## Source records
= = = = = = =

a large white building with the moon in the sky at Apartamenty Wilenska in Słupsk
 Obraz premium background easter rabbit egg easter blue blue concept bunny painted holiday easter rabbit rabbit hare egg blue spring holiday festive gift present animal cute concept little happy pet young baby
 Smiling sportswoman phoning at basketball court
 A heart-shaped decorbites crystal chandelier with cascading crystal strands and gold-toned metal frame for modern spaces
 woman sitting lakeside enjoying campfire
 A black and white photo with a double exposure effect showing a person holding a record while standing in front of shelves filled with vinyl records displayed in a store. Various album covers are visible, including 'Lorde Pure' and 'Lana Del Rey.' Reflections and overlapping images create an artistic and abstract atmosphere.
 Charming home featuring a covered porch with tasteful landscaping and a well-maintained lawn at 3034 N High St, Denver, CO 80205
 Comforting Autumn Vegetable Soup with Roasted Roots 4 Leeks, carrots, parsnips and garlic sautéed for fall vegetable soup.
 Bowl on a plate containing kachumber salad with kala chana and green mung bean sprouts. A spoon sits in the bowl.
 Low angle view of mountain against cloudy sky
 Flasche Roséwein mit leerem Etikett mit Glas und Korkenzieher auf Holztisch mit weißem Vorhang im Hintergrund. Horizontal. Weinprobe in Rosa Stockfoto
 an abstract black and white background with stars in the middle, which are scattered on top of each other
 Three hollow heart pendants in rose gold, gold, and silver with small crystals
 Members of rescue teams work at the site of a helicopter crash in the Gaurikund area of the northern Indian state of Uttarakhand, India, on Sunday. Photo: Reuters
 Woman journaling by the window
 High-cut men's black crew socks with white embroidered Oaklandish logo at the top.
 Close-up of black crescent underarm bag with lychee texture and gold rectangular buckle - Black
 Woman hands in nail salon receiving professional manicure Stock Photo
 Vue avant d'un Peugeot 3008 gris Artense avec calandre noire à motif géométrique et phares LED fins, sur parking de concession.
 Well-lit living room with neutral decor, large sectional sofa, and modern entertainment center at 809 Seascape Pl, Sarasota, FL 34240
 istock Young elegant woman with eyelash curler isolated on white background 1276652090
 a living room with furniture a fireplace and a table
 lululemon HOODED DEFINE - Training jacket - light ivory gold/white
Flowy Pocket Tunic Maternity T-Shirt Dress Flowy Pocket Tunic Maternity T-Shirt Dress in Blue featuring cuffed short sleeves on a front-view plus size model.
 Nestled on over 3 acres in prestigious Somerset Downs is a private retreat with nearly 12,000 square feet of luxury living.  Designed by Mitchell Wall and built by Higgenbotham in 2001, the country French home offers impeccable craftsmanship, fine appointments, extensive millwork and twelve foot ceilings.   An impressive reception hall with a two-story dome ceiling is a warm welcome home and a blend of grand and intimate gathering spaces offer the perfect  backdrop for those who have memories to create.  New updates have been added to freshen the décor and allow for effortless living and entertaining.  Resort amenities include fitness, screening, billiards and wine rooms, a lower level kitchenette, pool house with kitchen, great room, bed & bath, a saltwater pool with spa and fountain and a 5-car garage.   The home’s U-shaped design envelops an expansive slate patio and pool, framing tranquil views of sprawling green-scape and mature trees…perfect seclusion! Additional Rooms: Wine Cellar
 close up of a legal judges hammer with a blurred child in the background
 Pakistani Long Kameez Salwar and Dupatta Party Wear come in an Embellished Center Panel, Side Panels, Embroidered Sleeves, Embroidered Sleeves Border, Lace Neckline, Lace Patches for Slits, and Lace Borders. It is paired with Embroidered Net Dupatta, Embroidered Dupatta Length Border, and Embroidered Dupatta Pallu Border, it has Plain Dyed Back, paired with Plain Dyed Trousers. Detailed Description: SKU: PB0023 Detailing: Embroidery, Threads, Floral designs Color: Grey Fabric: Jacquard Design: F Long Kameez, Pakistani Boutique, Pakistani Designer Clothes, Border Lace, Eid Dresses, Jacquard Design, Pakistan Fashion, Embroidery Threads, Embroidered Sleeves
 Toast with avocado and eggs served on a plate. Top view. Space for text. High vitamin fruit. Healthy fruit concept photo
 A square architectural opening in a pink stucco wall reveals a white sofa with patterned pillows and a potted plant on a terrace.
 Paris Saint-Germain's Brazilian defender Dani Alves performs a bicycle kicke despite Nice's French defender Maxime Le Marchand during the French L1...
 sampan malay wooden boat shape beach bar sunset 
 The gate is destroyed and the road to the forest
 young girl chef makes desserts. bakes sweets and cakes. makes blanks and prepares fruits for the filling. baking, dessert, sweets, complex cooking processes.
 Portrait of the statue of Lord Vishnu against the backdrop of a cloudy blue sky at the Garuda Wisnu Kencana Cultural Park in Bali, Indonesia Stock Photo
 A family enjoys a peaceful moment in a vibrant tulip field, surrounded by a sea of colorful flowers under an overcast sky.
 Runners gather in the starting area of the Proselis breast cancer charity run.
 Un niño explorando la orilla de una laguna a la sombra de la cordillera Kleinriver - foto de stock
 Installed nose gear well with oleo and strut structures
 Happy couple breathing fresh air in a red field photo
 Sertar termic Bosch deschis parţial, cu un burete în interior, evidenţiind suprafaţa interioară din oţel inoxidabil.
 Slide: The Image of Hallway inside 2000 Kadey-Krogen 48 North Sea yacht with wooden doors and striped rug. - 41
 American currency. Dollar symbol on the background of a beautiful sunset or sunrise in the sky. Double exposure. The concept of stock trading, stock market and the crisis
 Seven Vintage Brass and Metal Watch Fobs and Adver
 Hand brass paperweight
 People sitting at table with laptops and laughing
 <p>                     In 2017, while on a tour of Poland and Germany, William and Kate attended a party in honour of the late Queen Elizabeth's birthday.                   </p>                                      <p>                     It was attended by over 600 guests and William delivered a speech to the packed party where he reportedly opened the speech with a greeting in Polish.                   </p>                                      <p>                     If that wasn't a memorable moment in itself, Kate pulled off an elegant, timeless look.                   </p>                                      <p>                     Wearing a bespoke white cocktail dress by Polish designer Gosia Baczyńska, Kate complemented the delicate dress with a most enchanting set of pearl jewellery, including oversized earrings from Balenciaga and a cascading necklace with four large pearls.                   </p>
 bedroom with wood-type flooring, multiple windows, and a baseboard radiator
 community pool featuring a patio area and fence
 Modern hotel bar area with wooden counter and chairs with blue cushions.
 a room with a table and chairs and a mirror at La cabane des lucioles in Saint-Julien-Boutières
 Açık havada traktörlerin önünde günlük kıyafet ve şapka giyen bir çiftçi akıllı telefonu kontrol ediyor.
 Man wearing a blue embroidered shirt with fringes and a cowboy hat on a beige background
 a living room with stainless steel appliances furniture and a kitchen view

= = = = = = =

## The problem
Each of the records is to be repeated word for word.

## Exercise response
a large white building with the moon in the sky at Apartamenty Wilenska in Słupsk
 Obraz premium background easter rabbit egg easter blue blue concept bunny painted holiday easter rabbit rabbit hare egg blue spring holiday festive gift present animal cute concept little happy pet young baby
 Smiling sportswoman phoning at basketball court
 A heart-shaped decorbites crystal chandelier with cascading crystal strands and gold-toned metal frame for modern spaces
 woman sitting lakeside enjoying campfire
 A black and white photo with a double exposure effect showing a person holding a record while standing in front of shelves filled with vinyl records displayed in a store. Various album covers are visible, including 'Lorde Pure' and 'Lana Del Rey.' Reflections and overlapping images create an artistic and abstract atmosphere.
 Charming home featuring a covered porch with tasteful landscaping and a well-maintained lawn at 3034 N High St, Denver, CO 80205
 Comforting Autumn Vegetable Soup with Roasted Roots 4 Leeks, carrots, parsnips and garlic sautéed for fall vegetable soup.
 Bowl on a plate containing kachumber salad with kala chana and green mung bean sprouts. A spoon sits in the bowl.
 Low angle view of mountain against cloudy sky
 Flasche Roséwein mit leerem Etikett mit Glas und Korkenzieher auf Holztisch mit weißem Vorhang im Hintergrund. Horizontal. Weinprobe in Rosa Stockfoto
 an abstract black and white background with stars in the middle, which are scattered on top of each other
 Three hollow heart pendants in rose gold, gold, and silver with small crystals
 Members of rescue teams work at the site of a helicopter crash in the Gaurikund area of the northern Indian state of Uttarakhand, India, on Sunday. Photo: Reuters
 Woman journaling by the window
 High-cut men's black crew socks with white embroidered Oaklandish logo at the top.
 Close-up of black crescent underarm bag with lychee texture and gold rectangular buckle - Black
 Woman hands in nail salon receiving professional manicure Stock Photo
 Vue avant d'un Peugeot 3008 gris Artense avec calandre noire à motif géométrique et phares LED fins, sur parking de concession.
 Well-lit living room with neutral decor, large sectional sofa, and modern entertainment center at 809 Seascape Pl, Sarasota, FL 34240
 istock Young elegant woman with eyelash curler isolated on white background 1276652090
 a living room with furniture a fireplace and a table
 lululemon HOODED DEFINE - Training jacket - light ivory gold/white
Flowy Pocket Tunic Maternity T-Shirt Dress Flowy Pocket Tunic Maternity T-Shirt Dress in Blue featuring cuffed short sleeves on a front-view plus size model.
 Nestled on over 3 acres in prestigious Somerset Downs is a private retreat with nearly 12,000 square feet of luxury living.  Designed by Mitchell Wall and built by Higgenbotham in 2001, the country French home offers impeccable craftsmanship, fine appointments, extensive millwork and twelve foot ceilings.   An impressive reception hall with a two-story dome ceiling is a warm welcome home and a blend of grand and intimate gathering spaces offer the perfect  backdrop for those who have memories to create.  New updates have been added to freshen the décor and allow for effortless living and entertaining.  Resort amenities include fitness, screening, billiards and wine rooms, a lower level kitchenette, pool house with kitchen, great room, bed & bath, a saltwater pool with spa and fountain and a 5-car garage.   The home’s U-shaped design envelops an expansive slate patio and pool, framing tranquil views of sprawling green-scape and mature trees…perfect seclusion! Additional Rooms: Wine Cellar
 close up of a legal judges hammer with a blurred child in the background
 Pakistani Long Kameez Salwar and Dupatta Party Wear come in an Embellished Center Panel, Side Panels, Embroidered Sleeves, Embroidered Sleeves Border, Lace Neckline, Lace Patches for Slits, and Lace Borders. It is paired with Embroidered Net Dupatta, Embroidered Dupatta Length Border, and Embroidered Dupatta Pallu Border, it has Plain Dyed Back, paired with Plain Dyed Trousers. Detailed Description: SKU: PB0023 Detailing: Embroidery, Threads, Floral designs Color: Grey Fabric: Jacquard Design: F Long Kameez, Pakistani Boutique, Pakistani Designer Clothes, Border Lace, Eid Dresses, Jacquard Design, Pakistan Fashion, Embroidery Threads, Embroidered Sleeves
 Toast with avocado and eggs served on a plate. Top view. Space for text. High vitamin fruit. Healthy fruit concept photo
 A square architectural opening in a pink stucco wall reveals a white sofa with patterned pillows and a potted plant on a terrace.
 Paris Saint-Germain's Brazilian defender Dani Alves performs a bicycle kicke despite Nice's French defender Maxime Le Marchand during the French L1...
 sampan malay wooden boat shape beach bar sunset 
 The gate is destroyed and the road to the forest
 young girl chef makes desserts. bakes sweets and cakes. makes blanks and prepares fruits for the filling. baking, dessert, sweets, complex cooking processes.
 Portrait of the statue of Lord Vishnu against the backdrop of a cloudy blue sky at the Garuda Wisnu Kencana Cultural Park in Bali, Indonesia Stock Photo
 A family enjoys a peaceful moment in a vibrant tulip field, surrounded by a sea of colorful flowers under an overcast sky.
 Runners gather in the starting area of the Proselis breast cancer charity run.
 Un niño explorando la orilla de una laguna a la sombra de la cordillera Kleinriver - foto de stock
 Installed nose gear well with oleo and strut structures
 Happy couple breathing fresh air in a red field photo
 Sertar termic Bosch deschis parţial, cu un burete în interior, evidenţiind suprafaţa interioară din oţel inoxidabil.
 Slide: The Image of Hallway inside 2000 Kadey-Krogen 48 North Sea yacht with wooden doors and striped rug. - 41
 American currency. Dollar symbol on the background of a beautiful sunset or sunrise in the sky. Double exposure. The concept of stock trading, stock market and the crisis
 Seven Vintage Brass and Metal Watch Fobs and Adver
 Hand brass paperweight
 People sitting at table with laptops and laughing
 <p>                     In 2017, while on a tour of Poland and Germany, William and Kate attended a party in honour of the late Queen Elizabeth's birthday.                   </p>                                      <p>                     It was attended by over 600 guests and William delivered a speech to the packed party where he reportedly opened the speech with a greeting in Polish.                   </p>                                      <p>                     If that wasn't a memorable moment in itself, Kate pulled off an elegant, timeless look.                   </p>                                      <p>                     Wearing a bespoke white cocktail dress by Polish designer Gosia Baczyńska, Kate complemented the delicate dress with a most enchanting set of pearl jewellery, including oversized earrings from Balenciaga and a cascading necklace with four large pearls.                   </p>
 bedroom with wood-type flooring, multiple windows, and a baseboard radiator
 community pool featuring a patio area and fence
 Modern hotel bar area with wooden counter and chairs with blue cushions.
 a room with a table and chairs and a mirror at La cabane des lucioles in Saint-Julien-Boutières
 Açık havada traktörlerin önünde günlük kıyafet ve şapka giyen bir çiftçi akıllı telefonu kontrol ediyor.
 Man wearing a blue embroidered shirt with fringes and a cowboy hat on a beige background
 a living room with stainless steel appliances furniture and a kitchen view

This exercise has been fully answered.